Introduction
The 16S rRNA gene is about 1,550 bp long and encodes the small subunit
ribosomal RNA molecules of ribosomes. Originally used by Woese and Fox
to examine the phylogeny of prokaryotes,
(Woese
& Fox, 1977), the 16S rRNA gene currently serves as a molecular clock
(Woese,
1987) and as a means for differentiating prokaryotic taxa
(Benjamin
J Callahan, McMurdie, & Holmes, 2017; Clarridge, 2004). Sequencing
this gene has revolutionized microbial ecology, allowing for the
identification of microbes that cannot be studied in isolation, or exist
in complex mixtures, and revealing the astounding complexity and
ubiquity of microbes globally
(Thompson
et al., 2017).
The structure of the 16S rRNA transcript and its essential function in
protein synthesis have limited the rate of evolutionary change in the
gene, resulting in highly conserved regions that can be leveraged as
primer targets that contain variable regions for sequencing
(Clarridge,
2004). Initial sequence-based assessments of prokaryotic diversity
relied on Sanger sequencing, which could sequence the entirety of the
16S rRNA gene of few reads at a high cost and effort. The advent of next
generation sequencing technologies (e.g., Illumina HiSeq, IonTorrent),
heretofore amplicon sequencing, allowed for the sequencing of a much
greater number of sequences, but at a length of <600 base
pairs
(Caporaso
et al., 2011).
Despite the development of third-generation sequencing techniques that
allow the sequencing of the full-length of 16S rRNA genes and provide a
higher taxonomic resolution
(Johnson
et al., 2019; Matsuo et al., 2021), amplicon sequencing of shorter
segments remains the most accessible method for the identification of
microbial communities. Amplicon sequencing data continues to grow
exponentially in sequence archives
(Jurburg,
Konzack, Eisenhauer, & Heintz-Buschart, 2020), representing an
important data resource for future research, and has already provided
important insights into the abundance of prokaryotes (e.g.,
(Louca,
Mazel, Doebeli, & Parfrey, 2019)). A wealth of literature describes
the limitations and biases of amplicon sequencing, including the impact
of amplification
(Brooks
et al., 2015; Schloss, Gevers, & Westcott, 2011), bioinformatics
processing
(Kang,
Deng, Crielaard, & Brandt, 2021; Marizzoni et al., 2020; Prodan et al.,
2020), and hypervariable region
(Bukin
et al., 2019; Tremblay et al., 2015; Yang, Wang, & Qian, 2016; Yu,
García-González, Schanbacher, & Morrison, 2008) on the resulting
microbial diversity data.
Critically, while the positive impact of full 16S rRNA gene sequences on
taxonomic assignment has been well documented
(Curry
et al., 2022; Johnson et al., 2019), the extent to which short read
lengths (i.e., <200 base pairs) are able to recover
higher-level taxonomic assignments and ecological patterns has received
little attention. Understanding the opportunities and limitations of
shorter 16S rRNA gene read lengths is essential, especially for the
reuse of rapidly growing sequence data archives
(Jurburg
et al., 2020). Read truncation is a common practice that removes
lower-quality read ends (e.g.,
(Ben
J Callahan, Sankaran, Fukuyama, McMurdie, & Holmes, 2016)).
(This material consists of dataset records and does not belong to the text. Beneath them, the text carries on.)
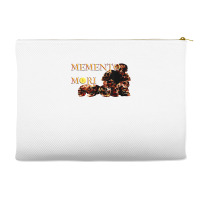 Memento Mori T Shirt Accessory Pouches | Artistshot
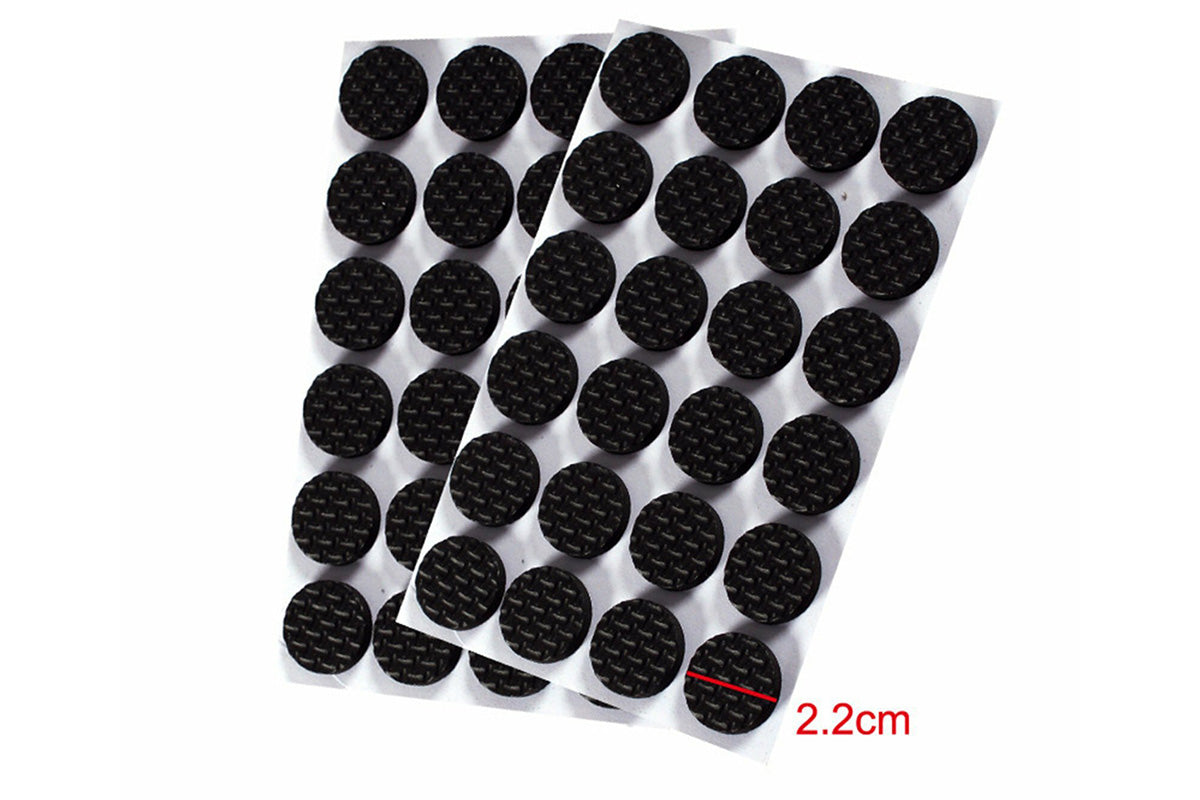 48PCS Chair Leg Pads Non Slip Furniture Floor Protector Self Adhesive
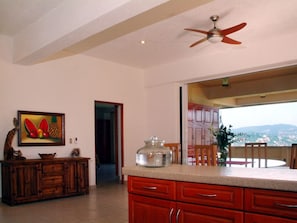 View from Kitchen (enjoy ocean view while cooking your favorite meal)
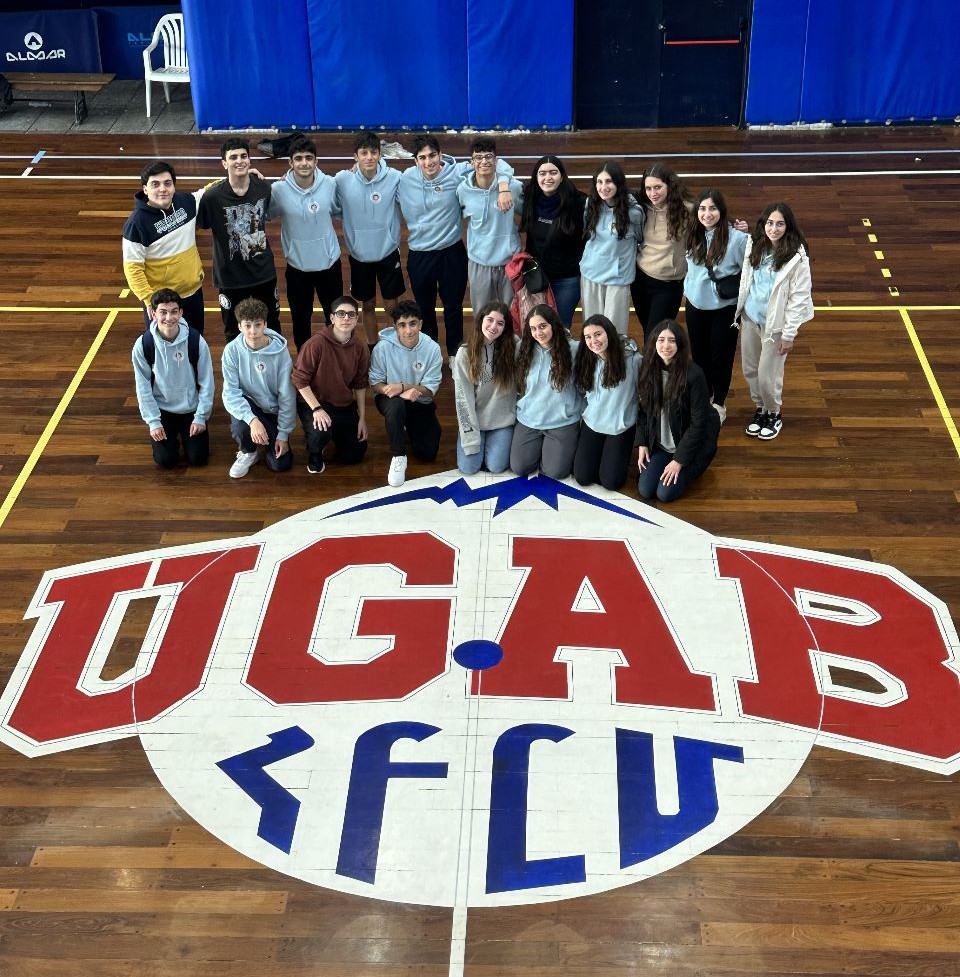 foto en el gimnasio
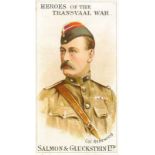 SALMON & GLUCKSTEIN, Heroes of the Transvaal War, VG to EX, 10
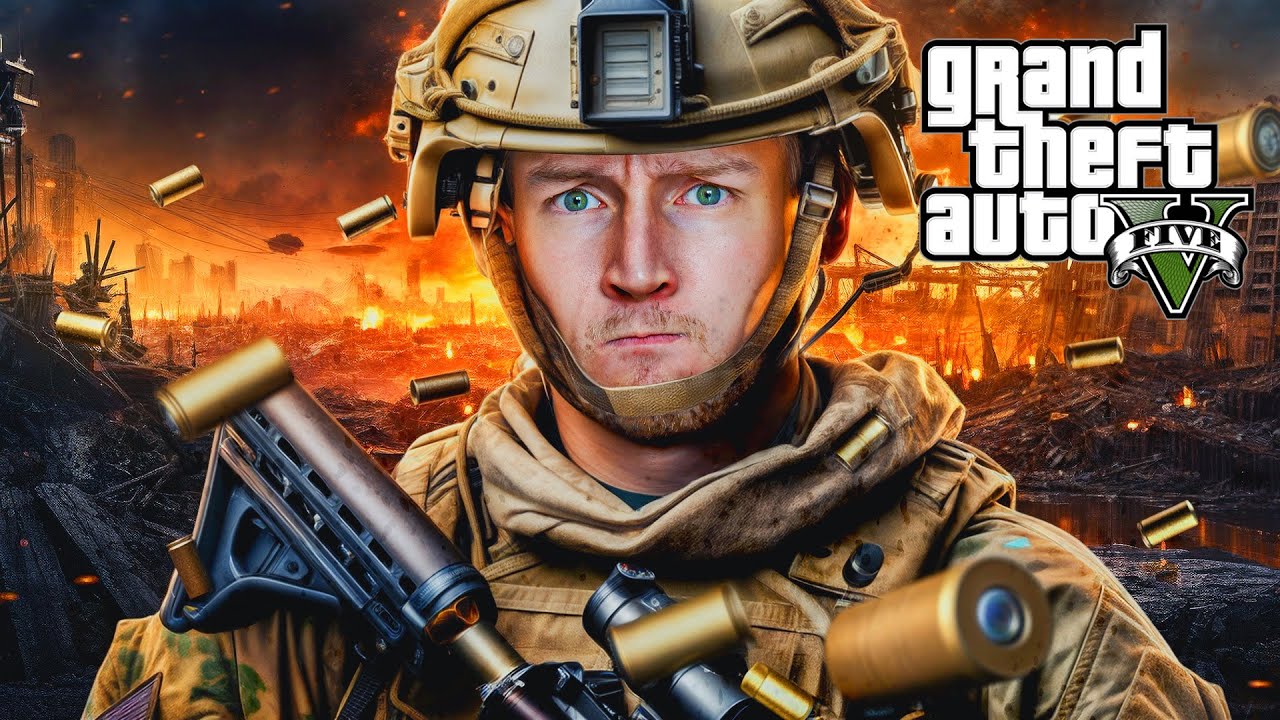 GTA V - KTÓRYM NPC JESTEM? 🪖 - ŻOŁNIERZ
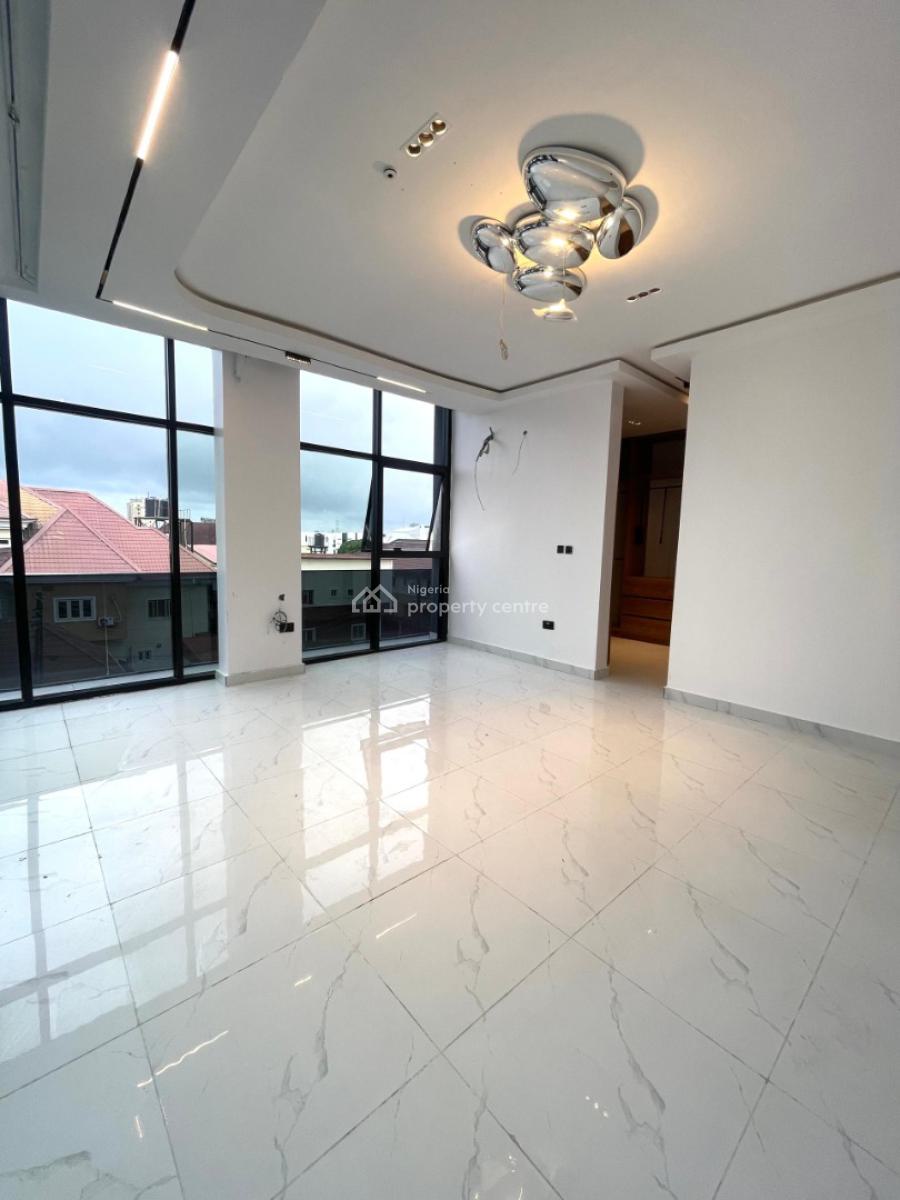 Luxury Contemporary 4 Bedrokm Terraced Houses, Lekki, Lekki Phase 1, Lekki, Lagos, Terraced Duplex for Sale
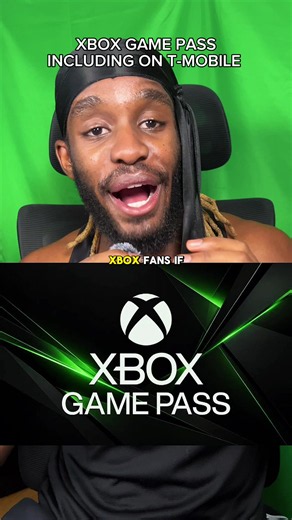 Xbox Game Pass On T-Mix #xbox #xboxseriesx #xboxone | t mobile with xbox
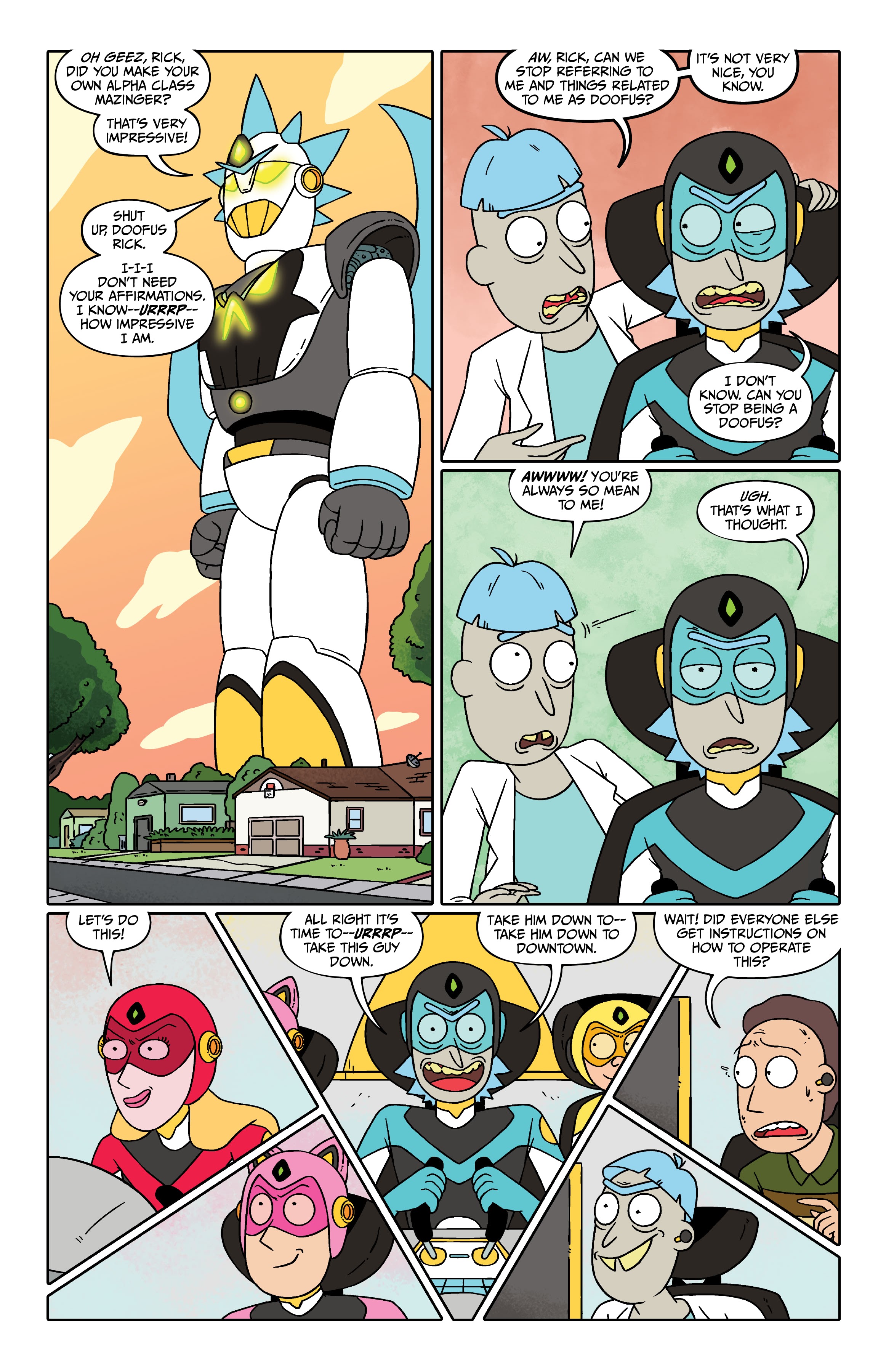 Read online Rick and Morty comic -  Issue # (2015) _Deluxe Edition 3 (Part 1) - 55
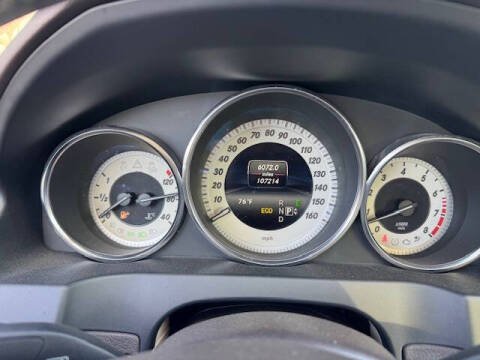 2014 Mercedes-Benz E-Class E 550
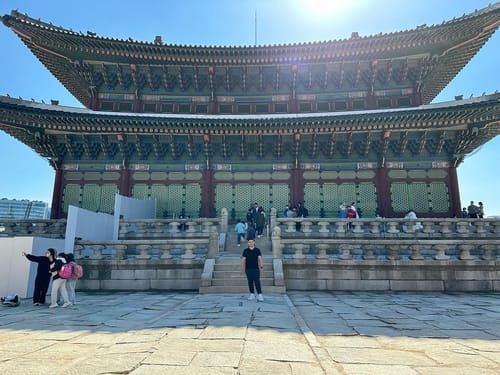 Gyeongbokgung Palace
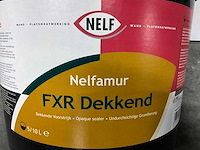 Nelfamur fxr dekkend basis voorstrijkmiddel “10 ltr” (35x) - afbeelding 2 van  3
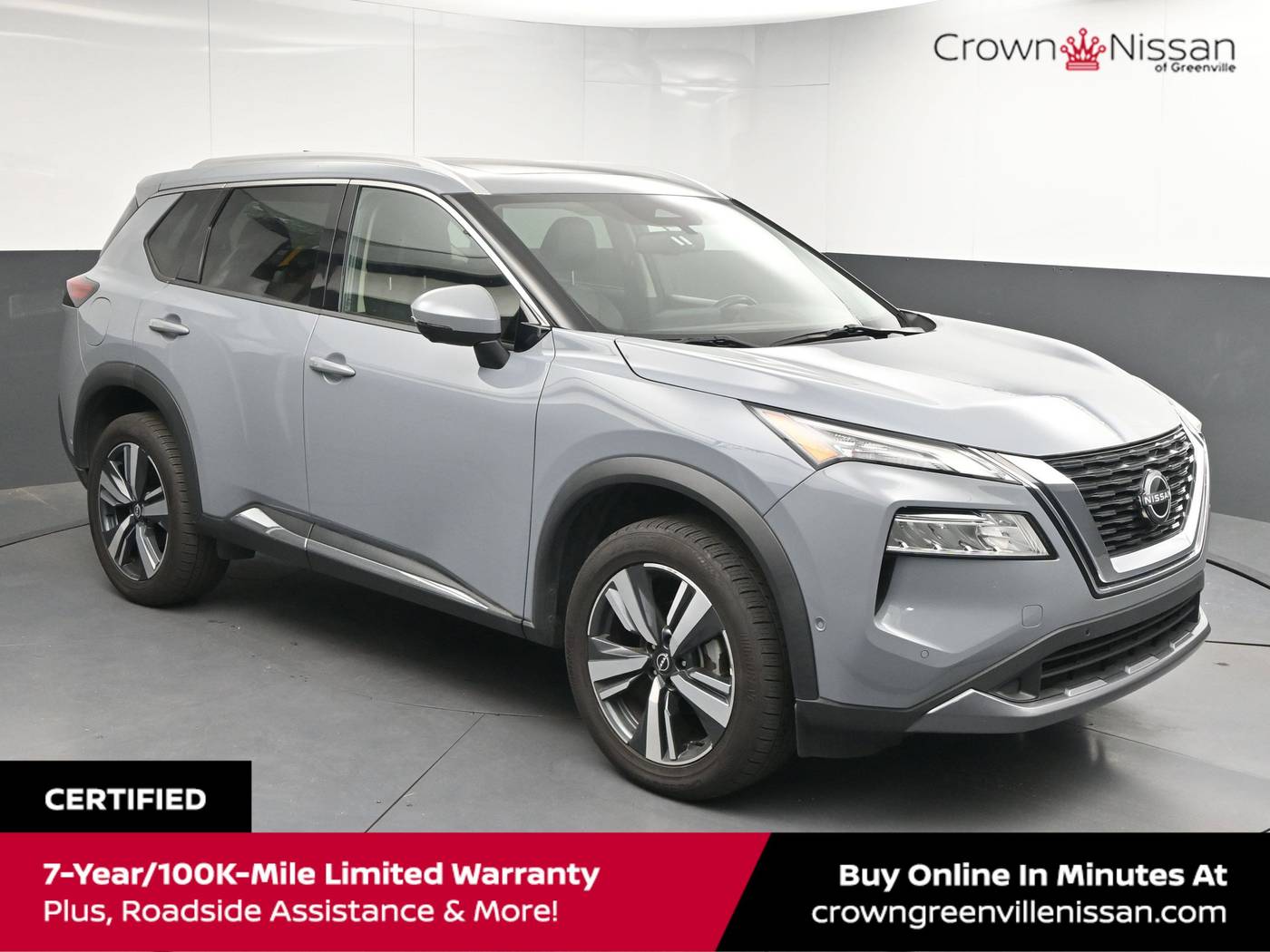 2023 Nissan Rogue SL — SUV — 53,213 mi — Greenville, SC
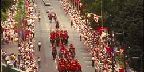 Royal procession on Mackenzie St, Canada day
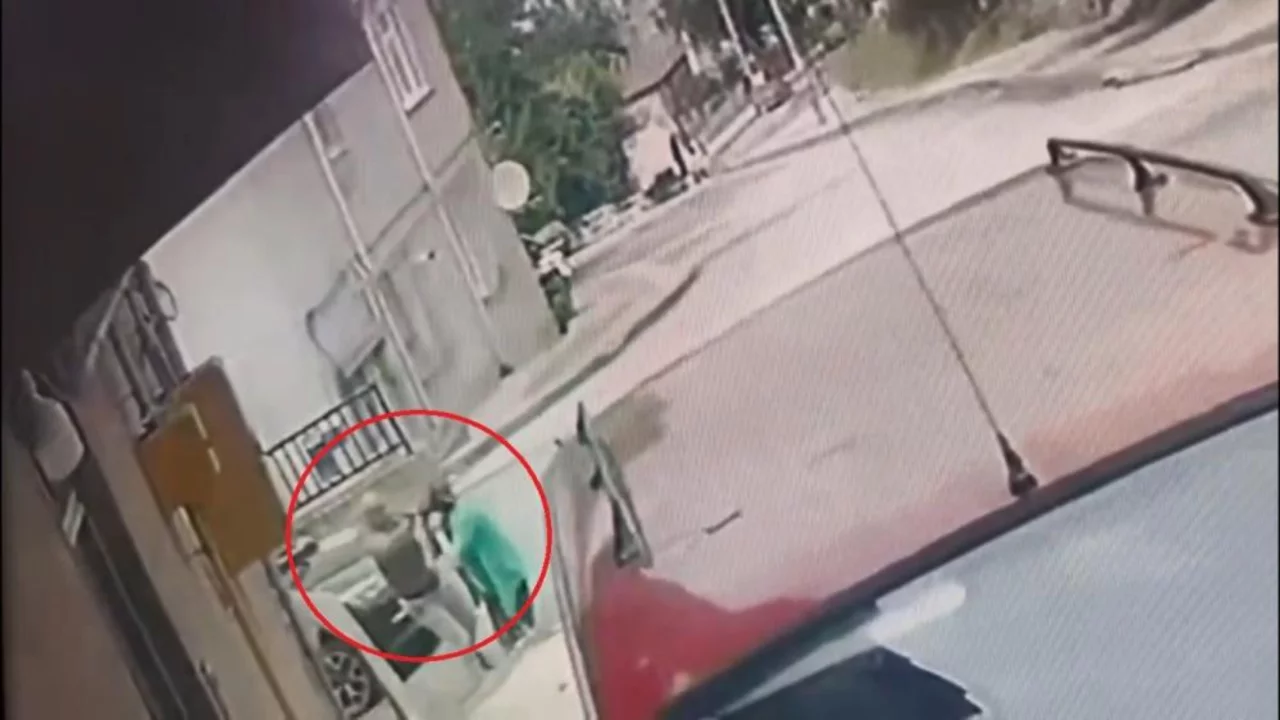 Dehşete düşüren anlar! Dünya malı için güpegündüz katliam yaptı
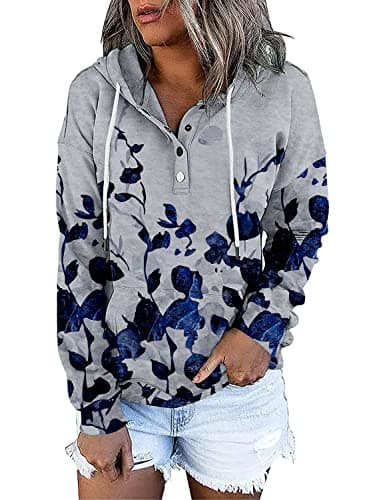 Women's Hoodies with Kangaroo Pockets
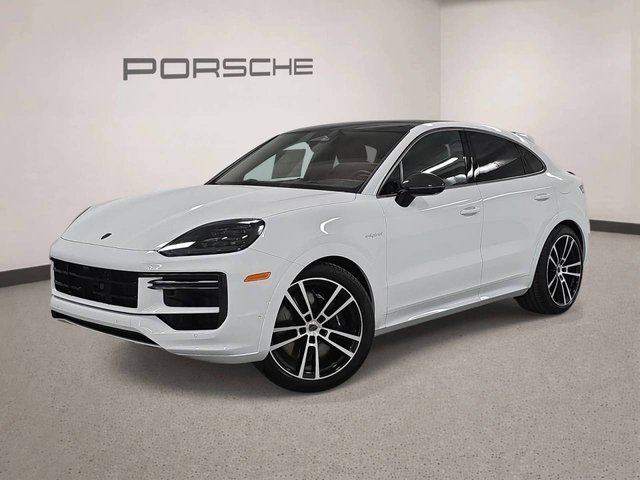 2026 Porsche Cayenne Turbo E-Hybrid Coupe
Most
bioinformatics workflows aim to maximize read length, however, allowing
shorter read lengths can improve the comparability of sequences across
datasets, allowing for re-analyses that target the identical 16S rRNA
gene region and avoid biases that emerge from sequencing different, but
overlapping target regions
(Bukin
et al., 2019; Tremblay et al., 2015; Yang et al., 2016; Yu et al.,
2008), or from differential read lengths. Characterizing the impact of
shorter read lengths on 16S rRNA gene-based ecological assessments may
also serve for the integration of data from diverse platforms that
produce a range of sequence lengths (e.g., from full gene sequencing
with Nanopore to 150 bp with single-ended sequencing in HiSeq).
To examine the effect of sequence length on microbial diversity
estimates, three datasets from disturbed soil, water, and animal
microbiomes sequenced using the same primer set and sequencing platform
across a gradient of read lengths were reprocessed. It was hypothesized
that 1) shorter reads would result in a higher percentage of
unclassified ASVs and 2) lower richness estimates, but that 3) the
relationship between disturbed and undisturbed samples in each
environment would still be detectable.